Support structured logging #341

pixxon · 2024-02-02T12:55:31Z

Is your feature request related to a problem? Please describe.
Currently every information is dumped as a single line of text, using fmt.Sprintf to embed information and variable. This is hard to parse by third party application, such as Grafana/Loki.

Describe the solution you'd like
Utilize a standard logfmt that is easy to read and parse. This is already supported by slog. Even better if it can be configured to use json in case somebody wants that. ( slog has that option too. )

Describe alternatives you've considered
slog seems to be a straight choice, it's already used and supports this feature. Only thing needed to be changed is the approach of the logs.

Additional context
Would be nice to provide some additional context if possible. Such as when using the foreground feature, it could add the id of the cron job to the context by default.

The text was updated successfully, but these errors were encountered:

m90 · 2024-02-02T15:22:48Z

This sounds a bit as if you are trying to recreate something that is already there. During each backup run, statistics are collected and stored in a Stats object:

docker-volume-backup/cmd/backup/stats.go

Lines 43 to 55 in 6029225

    
           // Stats global stats regarding script execution 
        
           type Stats struct { 
        
           	sync.Mutex 
        
           	StartTime  time.Time 
        
           	EndTime    time.Time 
        
           	TookTime   time.Duration 
        
           	LockedTime time.Duration 
        
           	LogOutput  *bytes.Buffer 
        
           	Containers ContainersStats 
        
           	Services   ServicesStats 
        
           	BackupFile BackupFileStats 
        
           	Storages   map[string]StorageStats 
        
           }

After being populated, this is currently only made available to notification templates: https://offen.github.io/docker-volume-backup/how-tos/set-up-notifications.html#notification-templates-reference

I'm not sure if it makes sense to start emitting metrics in a different manner now and also keep supporting both. I also have to admit that I like log lines that are written for humans mostly, e.g. as it helps with getting users up to speed when the log message tells you what's going wrong. If you're looking to get such data into Loki or other log aggregation systems, I would propose to add an option that will dump a serialized form (JSON or logfmt) of the Stats object to stdout after the script has run. This could then be ingested by everything that reads logs.

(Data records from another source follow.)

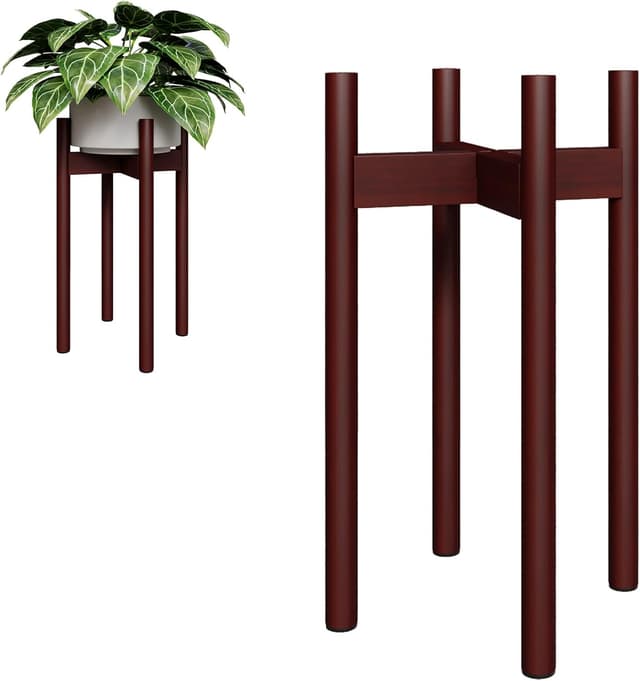 Detalle de Bamworld Adjustable Plant Stand (Bamboo) for indoor planters, width 8 to 12 inches – Reddish Brown corner stand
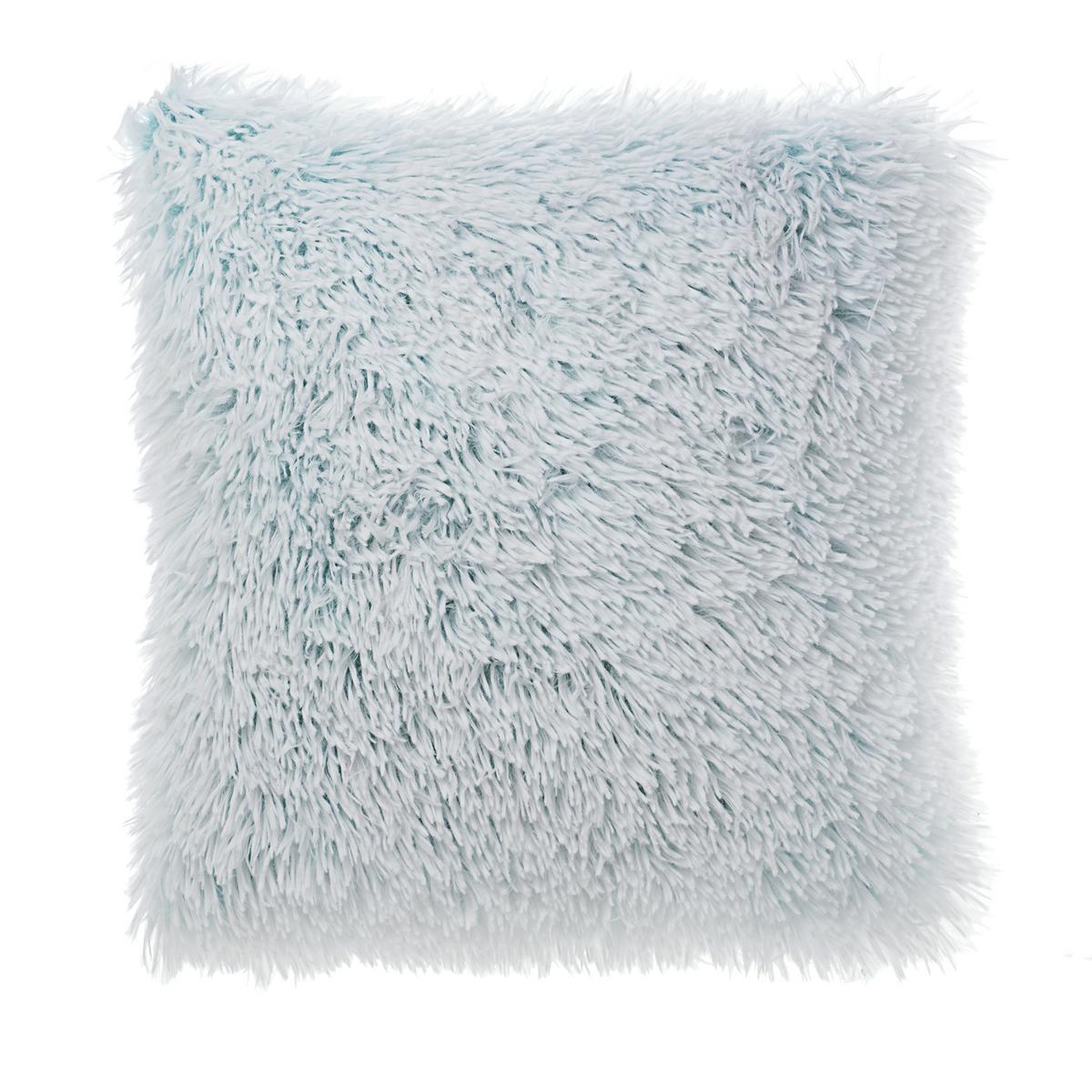 Coussin Shaggy - 40 x 40 cm - Bleu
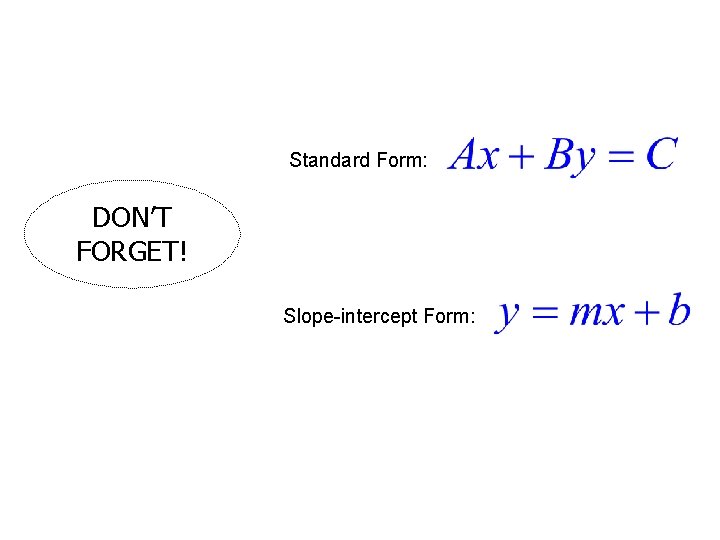 Standard Form: DON’T FORGET! Slope-intercept Form: 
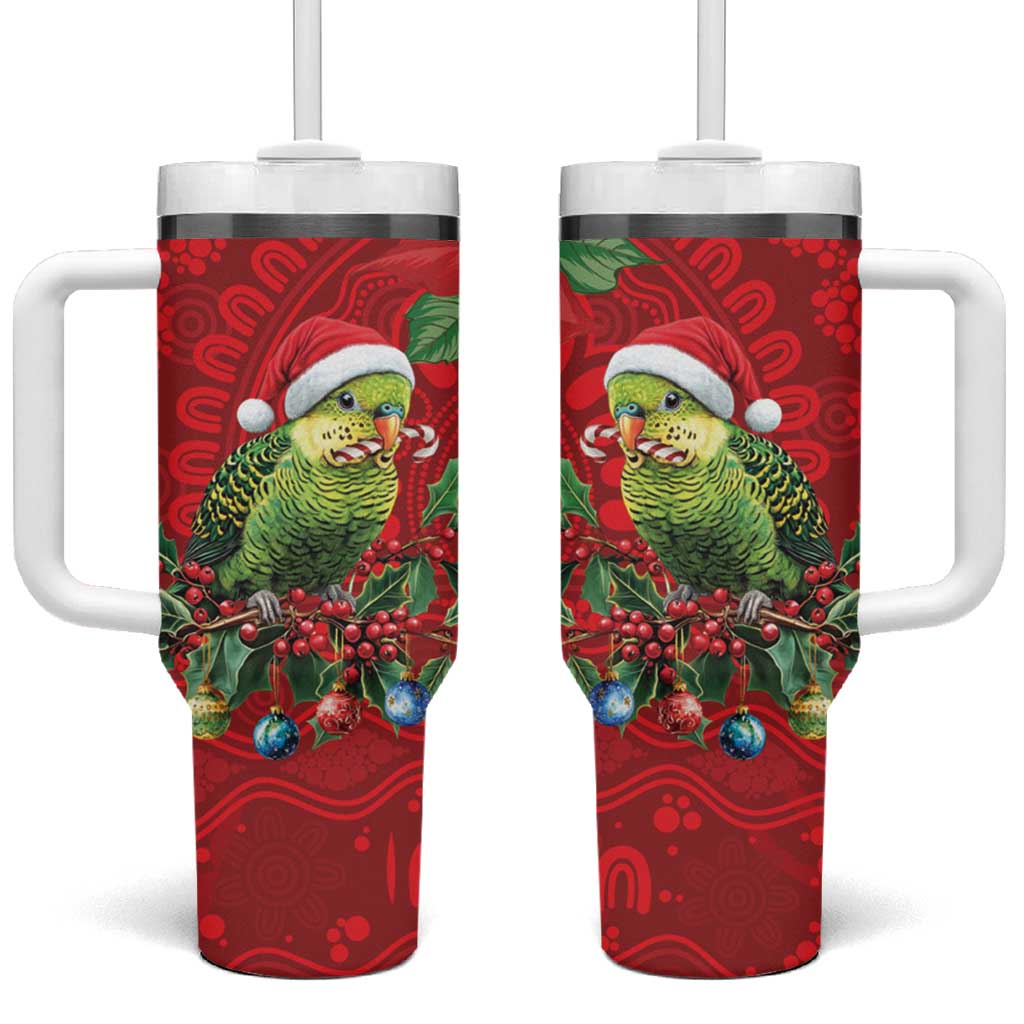 Aussie Green Budgerigar Tumbler With Handle Aboriginal Inspired Christmas - Aussie Hoodie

Also related is the idea of making this available for Prometheus: #64

pixxon · 2024-02-02T19:32:03Z

I think it's a bit easier if I detail the setup that I have running. For the ease of monitoring my home stack and especially finding some bugs, I have Grafana and Loki running.

In the stack there are 4 components:

The service being monitored. These are all running in docker containers, outputting their logs to the stdout. Which is then exposed from the docker daemon.
Promtail, which is a monitoring agent that will discover the containers and collect the logs from them. ( This is done via docker labels. )
Loki, who will collect all the logs coming from different services and expose them to Grafana for visualization.
Grafana, the dashboard that can be used to display this information. For the ease of use this can be done via labels. {container="grafana"} |= `` | logfmt | level = debug

The output of the above filter would be something like:
logger=ngalert.sender.router t=2024-02-02T19:13:51.691945136Z level=debug msg="Finish of admin configuration sync"

In this setup, it is a much easier to have the logs just being fed into Loki automatically without any need for configuration. I would still keep the logs in the same human readable format, just add some labels and annotations to it. ( The current logs are actually already in this logfmt format, but everything is inside the "msg" tag.

m90 · 2024-02-02T19:52:30Z

The thing I am worried about in this approach is: each time the logger is called, there will be a decision to be made which information to include in a structured way and which one not. Obviously, this is also something that happens when writing logs that are meant for humans, but it's a bit more lenient. When people start consuming logs like this, I would expect requests like "oh I would like to know about X at position Y, can you add it?" to surface, and that's not really sustainable. With having the Stats object, this is well defined and adding / changing properties has to be done only once instead of having to revisit every log call.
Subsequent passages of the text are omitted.